Região Norte é a que menos contribui para o aumento da procura

A recuperação, quase total, da afluência às urgências acontece depois de dois anos em que a pandemia originou uma diminuição significativa do recurso a estes serviços, muito por causa do receio do contágio. Em 2020, registaram-se menos 38% de doentes triados nas urgências em relação a 2019. Em 2021, o número de atendimentos subiu mas, ainda assim, ficou cerca de 19% abaixo do último ano pré-covid. Mas, em 2022, a recuperação foi ainda mais expressiva.
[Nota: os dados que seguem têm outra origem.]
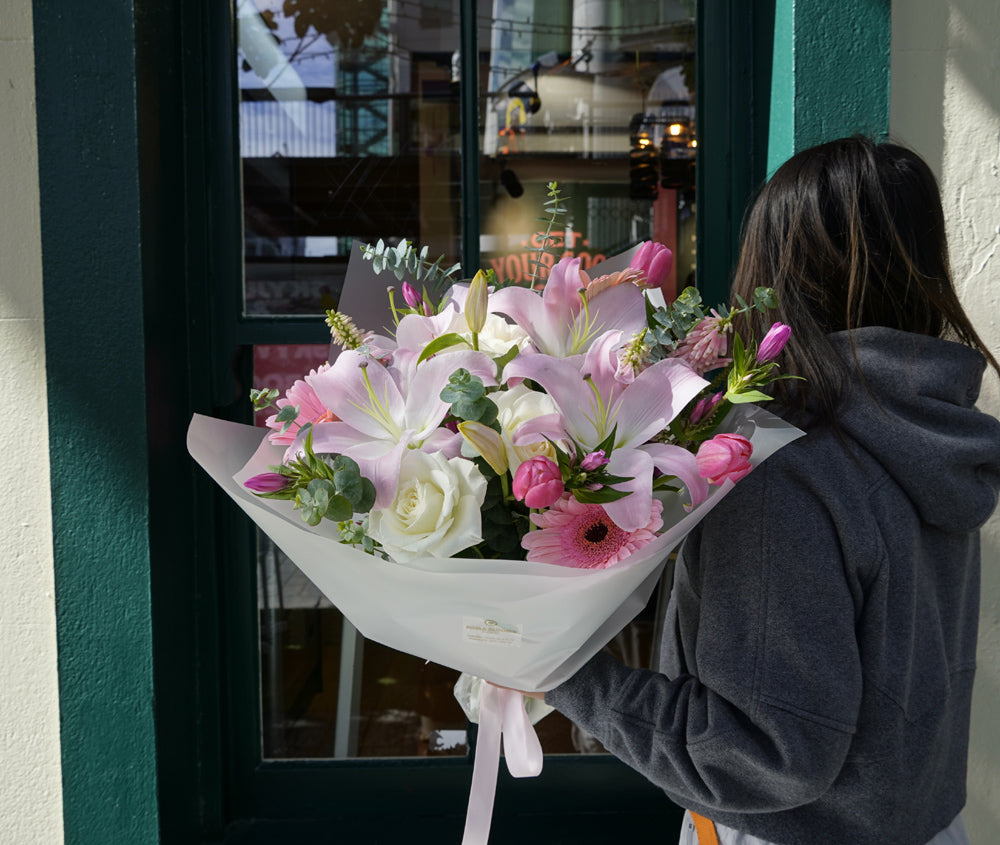 Sweet Scholar Graduation Bouquet - Pink & White Flowers Auckland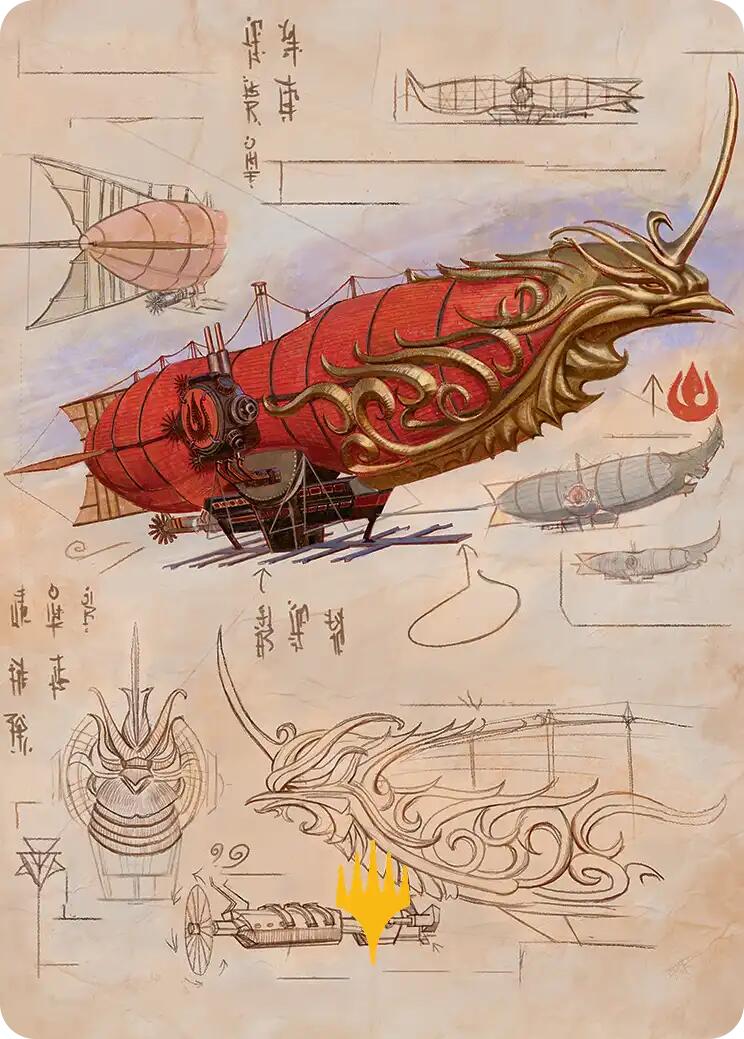 Phoenix Fleet Airship Art Card (Gold-Stamped Planeswalker Symbol) [Avatar: The Last Airbender Art Series] | Cracking-Singles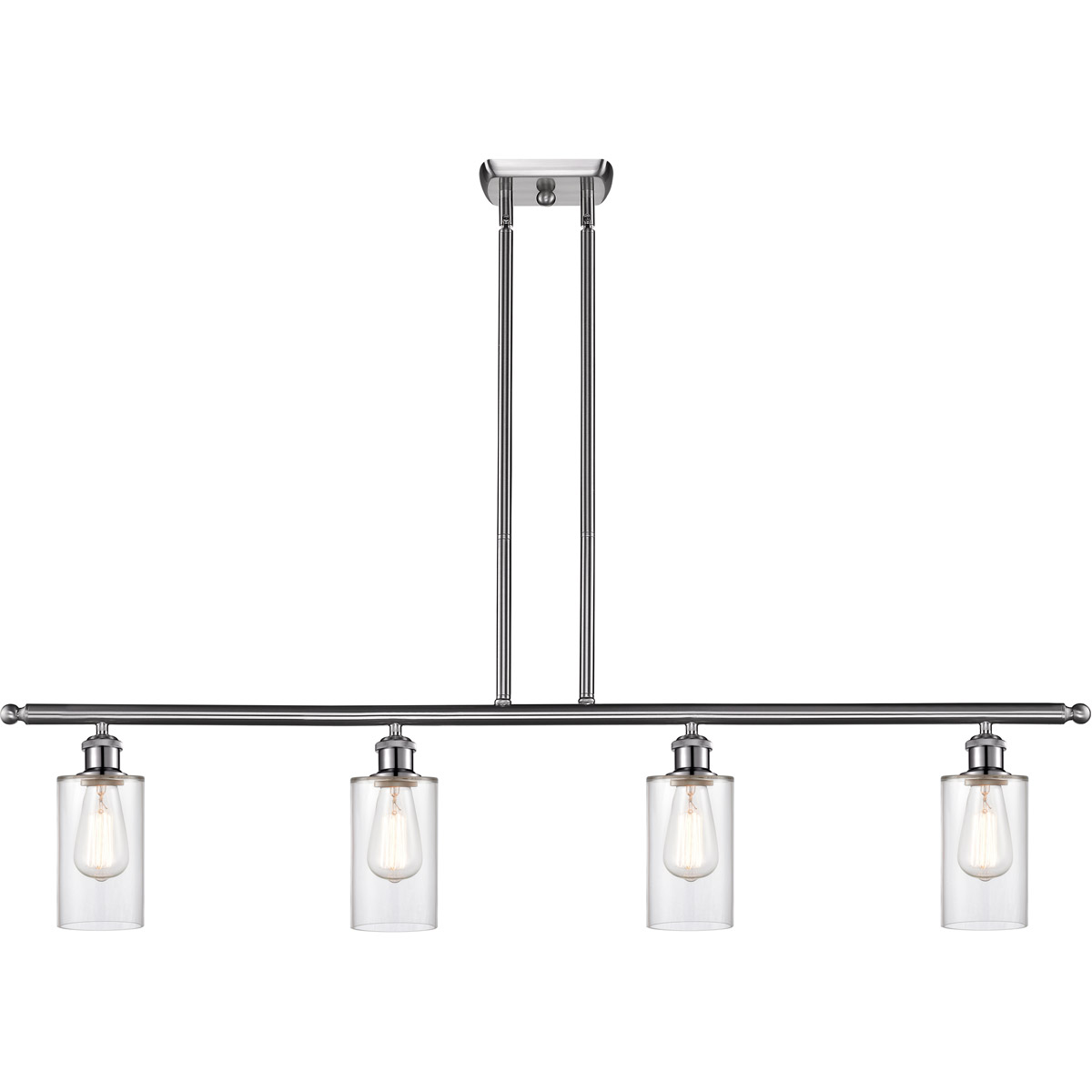 Ballston Clymer LED 48 inch Brushed Satin Nickel Island Light Ceiling Light in Clear Glass, Ballston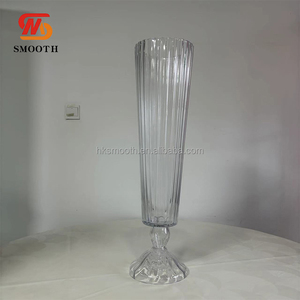 SMOOTH Wholesale Wedding Table Centerpieces Cheap Colored Tall Ribbed Glass <b>Vase</b> for Flower Arrangements - Product Image 4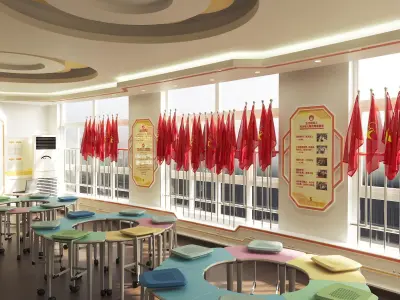 School Young Pioneers classroom team room 3D model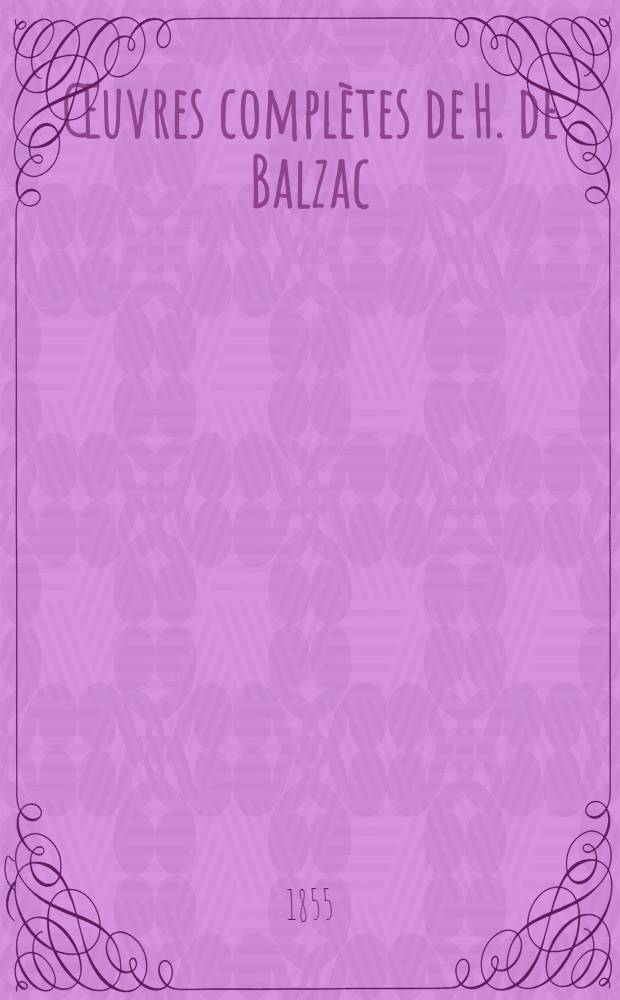 [Œuvres complètes de H. de Balzac]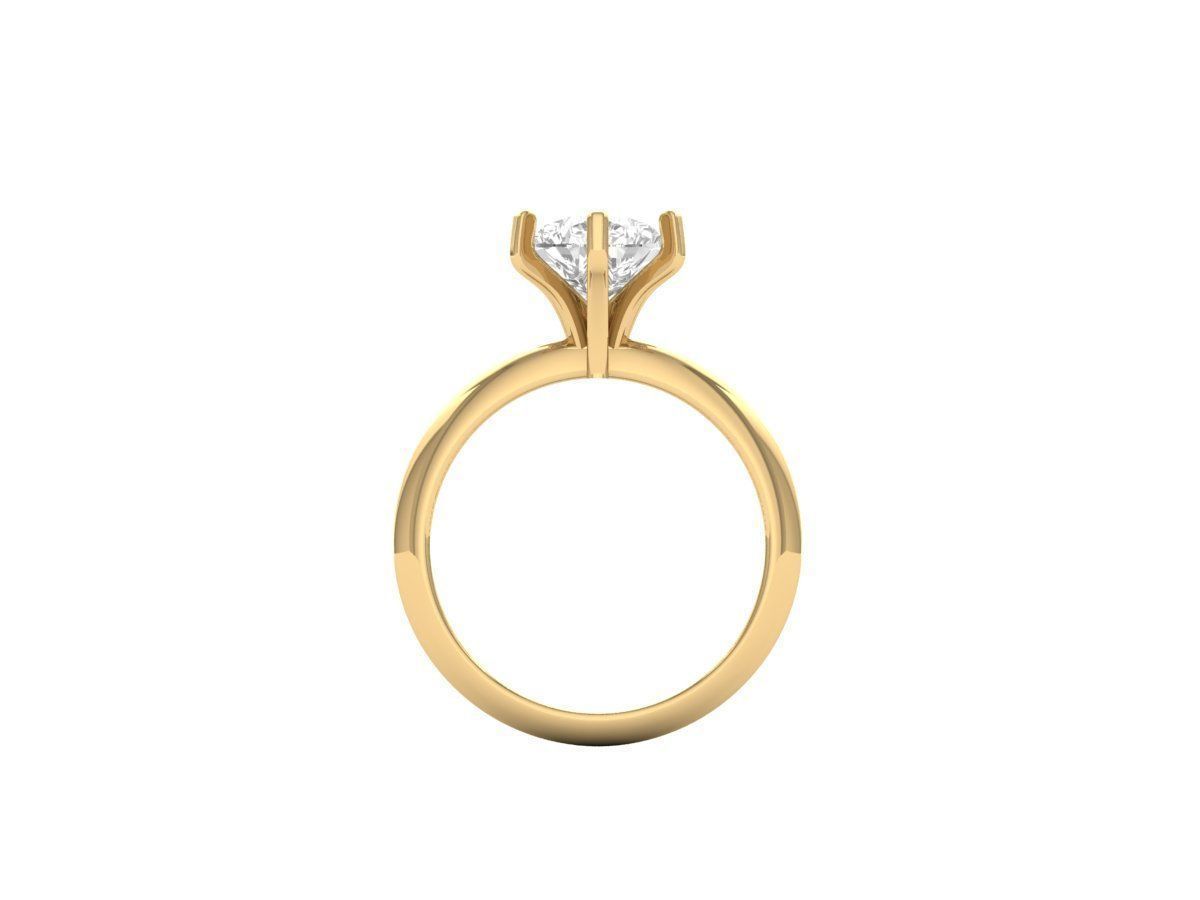 Pear Solitaire Ring 3D print model_6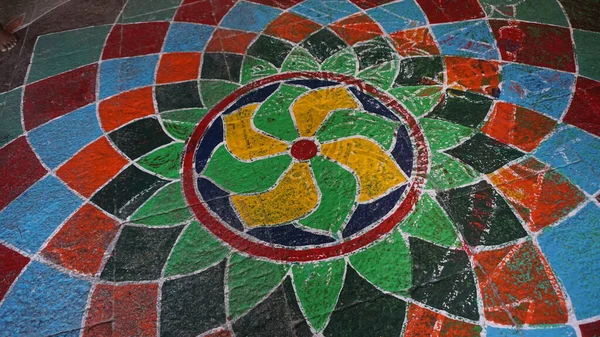 Mandala Ilustración Color Del Círculo Sagrado Otros Símbolos Sagrados Hindúes —  Fotos de Stock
Apesar de, no primeiro trimestre de 2023, a afluência ainda estar 1% abaixo da registado no período pré-pandémico, há duas regiões de Portugal Continental que já ultrapassaram os episódios de urgência triados em 2019, neste mesmo período: a região Centro (mais 6,5% no primeiro trimestre de 2023 em relação ao período homólogo de há quatro anos) e o Algarve (mais 2,8%). Tanto o Alentejo como a região de Lisboa e Vale do Tejo quase igualaram dos níveis de afluência de 2019.

Já a região Norte é aquela que mantém ainda uma maior distância (menos 5,4%) face à realidade pré-pandémia, muito por causa da boa cobertura de médicos de família, um fator importante para reduzir o recurso aos serviços de urgência.